» How to complete this task
Given the records below, would you repeat exactly the lines that begin at the one containing "Otwarty mechanizm schodów" and end at the one containing "Volkswagen Passat Variant", inclusive?

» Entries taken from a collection
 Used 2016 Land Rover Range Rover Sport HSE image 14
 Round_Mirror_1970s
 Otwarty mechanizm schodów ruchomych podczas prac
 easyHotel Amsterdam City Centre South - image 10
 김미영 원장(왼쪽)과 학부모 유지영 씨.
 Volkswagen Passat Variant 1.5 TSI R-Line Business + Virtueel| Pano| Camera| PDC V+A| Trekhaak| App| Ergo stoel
--
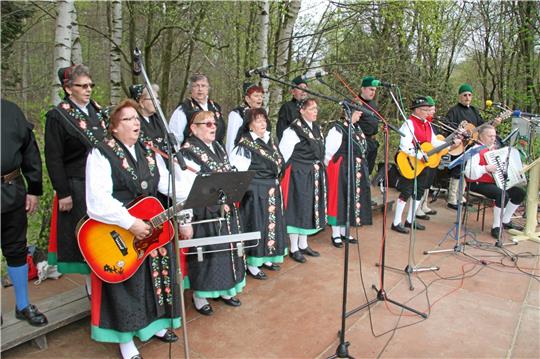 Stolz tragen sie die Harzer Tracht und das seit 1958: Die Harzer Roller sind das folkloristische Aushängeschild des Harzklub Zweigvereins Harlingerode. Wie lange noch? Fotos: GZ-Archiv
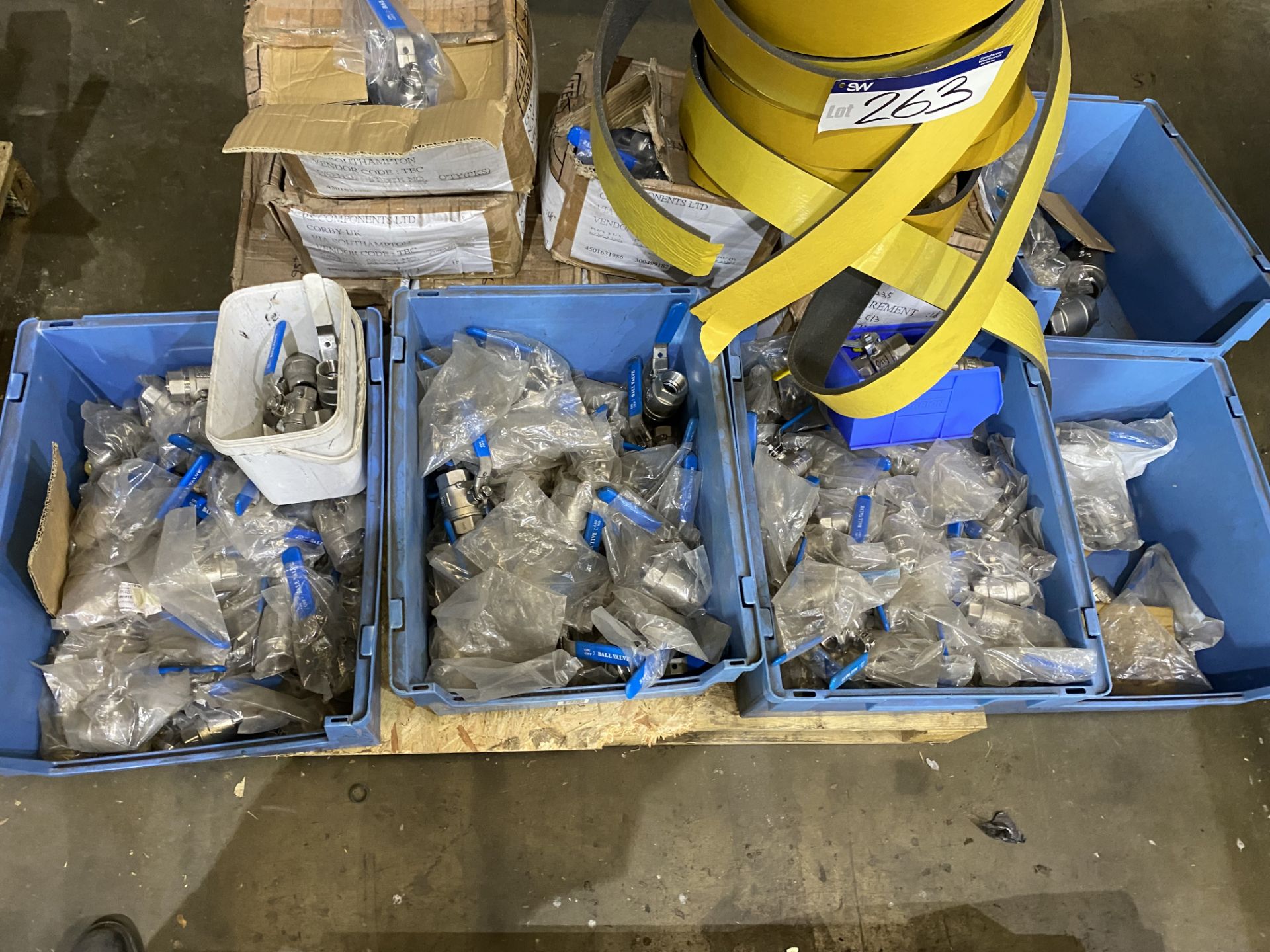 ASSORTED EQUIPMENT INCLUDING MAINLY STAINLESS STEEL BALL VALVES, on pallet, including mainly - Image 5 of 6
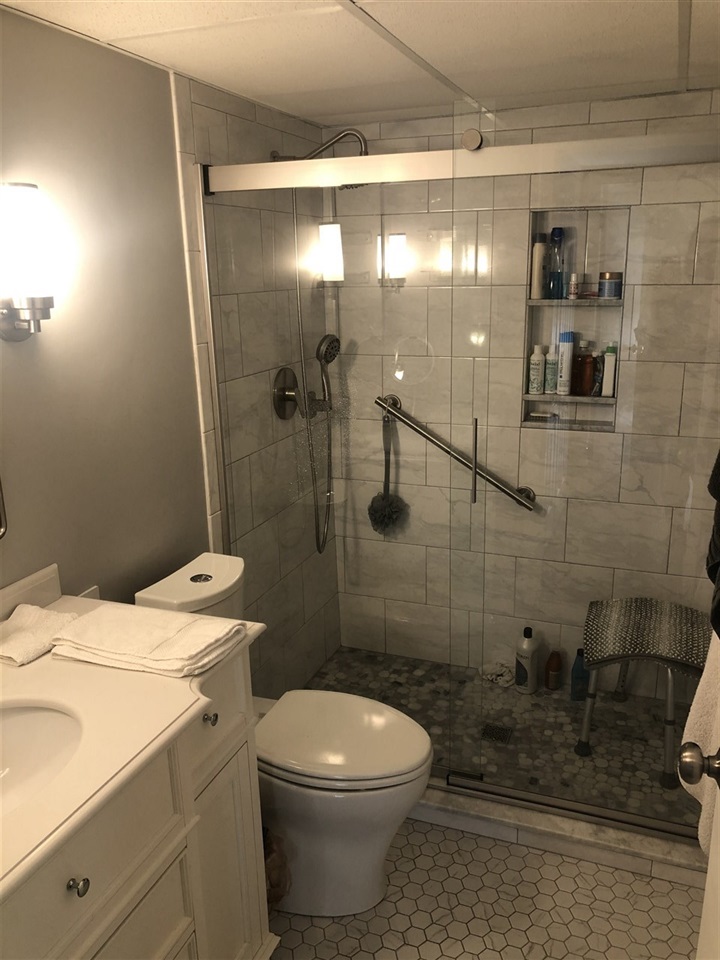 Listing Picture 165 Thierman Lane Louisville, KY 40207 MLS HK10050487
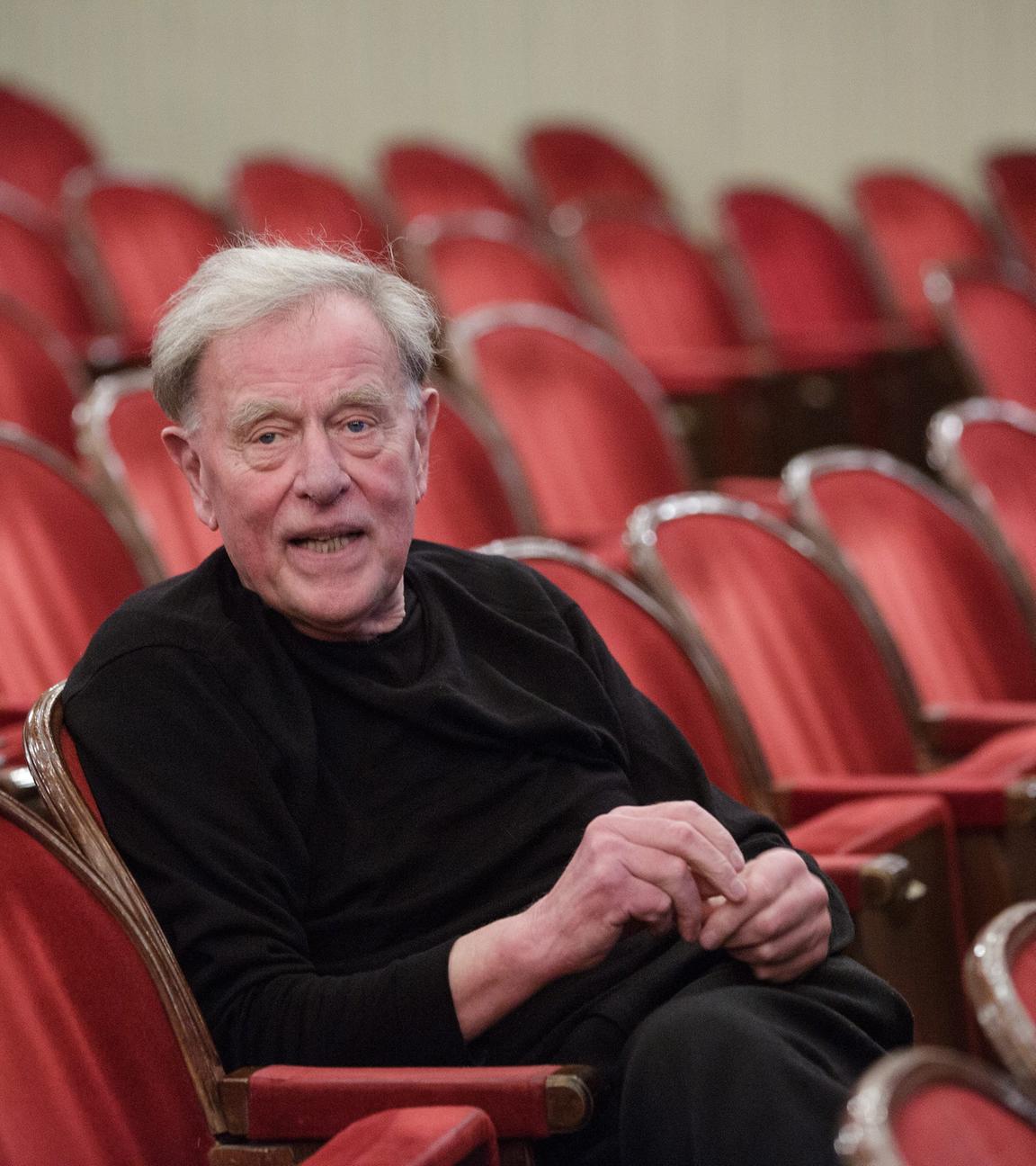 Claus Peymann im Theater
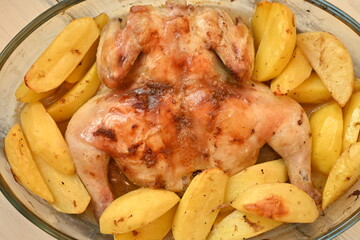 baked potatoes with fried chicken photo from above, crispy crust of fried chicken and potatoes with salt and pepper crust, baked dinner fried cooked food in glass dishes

» Task response
 Otwarty mechanizm schodów ruchomych podczas prac
 easyHotel Amsterdam City Centre South - image 10
 김미영 원장(왼쪽)과 학부모 유지영 씨.
 Volkswagen Passat Variant 1.5 TSI R-Line Business + Virtueel| Pano| Camera| PDC V+A| Trekhaak| App| Ergo stoel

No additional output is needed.